Tonight we had our first benefit for the play that I wrote, Blindside. I made a speech at that benefit that I thought was pretty good, so I wanted to share it here. (To whom it may concern: I was wearing a black corset top, a black velvet knee-length skirt with tons of black tulle in waves around the bottom, and black sandals.)
I thought about this outfit. I wanted to wear this skirt and then thought, "Will it keep people from taking me seriously as a writer?" But now I wear it as a choice. I wear it to remind myself—and you—that I am, as my friend so eloquently puts it, living in contradiction.
Most of the hue and cry over Abu Ghraib, at least in journalistic and artistic circles, has been rhetorical. We ask "How could we let this happen? Why is no one doing anything about this?" as if the answers were so obvious they're barely worth considering. Yet Abu Ghraib is hardly unprecedented in American history. Michael Kinsley says succinctly of systemic abuse and torture, "We live with it." As such, we live in contradiction. We are truly, and reasonably, horrified by Abu Ghraib and all that comes with it—just as we've been horrified by every combat atrocity that's come to light, from My Lai on back. We live with it. The ways in which we live with it reveal more about us, as a people, than we'd necessarily care to know.

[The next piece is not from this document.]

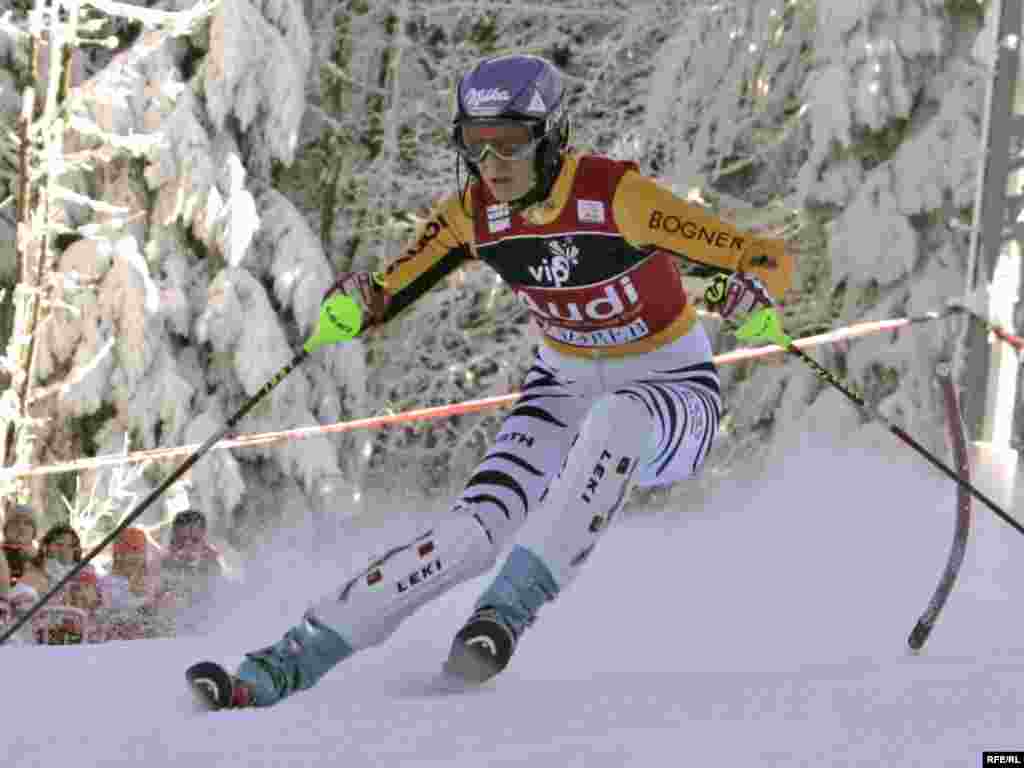 Zagreb - Snježna kraljica na Sljemenu - Na ovogodišnjem ženskom slalomu na zagrebačkom Sljemenu, poznatijem kao Snježna kraljica, pobijedila je Njemica Maria Riesch. Domaće skijašice nisu ostvarile očekivanja. Slijedi muški slalom.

In such a social climate, "Why is no one doing anything about this?" is not a rhetorical question. It's a question that, honestly addressed, can shed a great deal of light on character both individual and national. In Blindside I have tried to write, and believe I have written, a play that asks these questions genuinely and provides a context for finding the answers. If an audience looks for those answers, and the real questions that result, there I see the possibility of change being created through art.